● Work task:
Note each line of the entries that includes "with". Then copy those lines.

● Data shown:
⟨

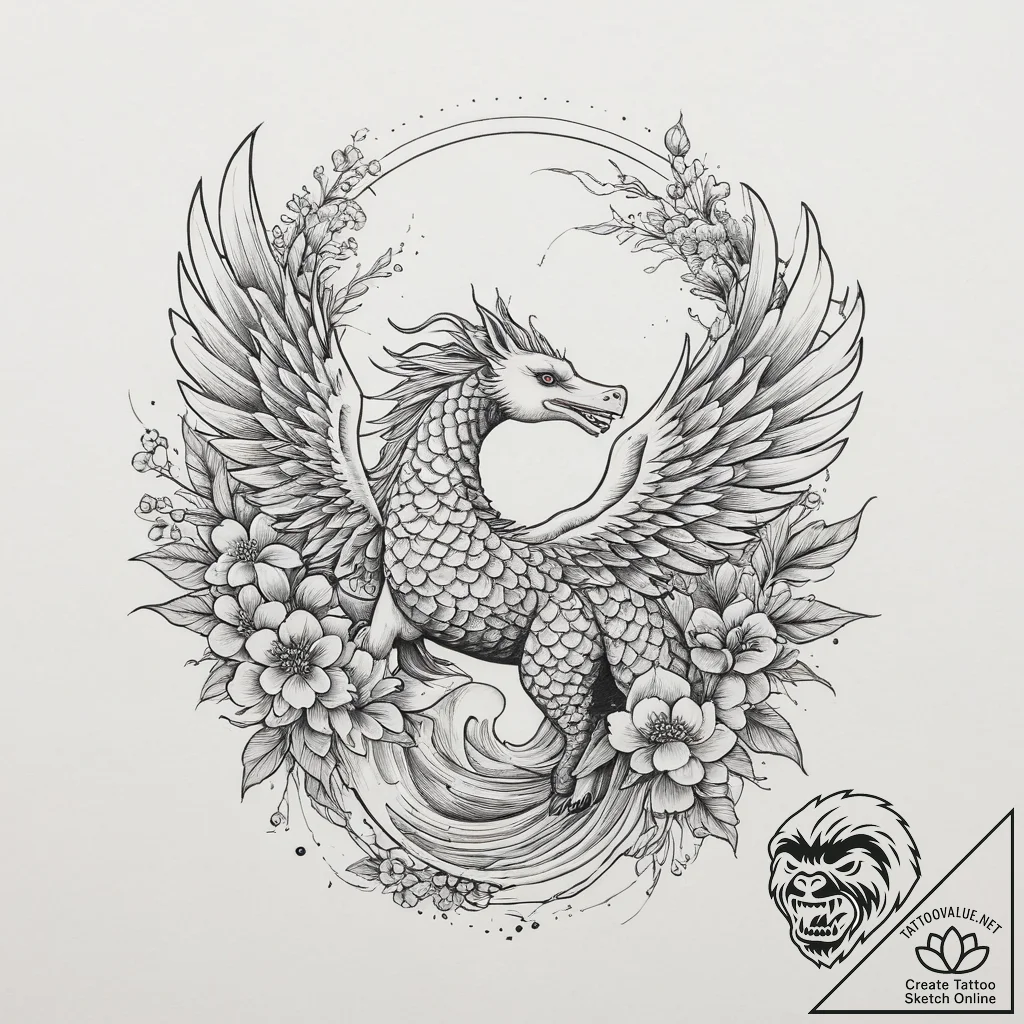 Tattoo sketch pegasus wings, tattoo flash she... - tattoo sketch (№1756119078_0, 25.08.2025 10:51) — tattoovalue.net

⟩
⟨

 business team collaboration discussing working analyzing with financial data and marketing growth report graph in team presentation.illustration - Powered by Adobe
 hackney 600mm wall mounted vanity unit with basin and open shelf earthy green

⟩

● Result for this exercise:
 business team collaboration discussing working analyzing with financial data and marketing growth report graph in team presentation.illustration - Powered by Adobe
 hackney 600mm wall mounted vanity unit with basin and open shelf earthy green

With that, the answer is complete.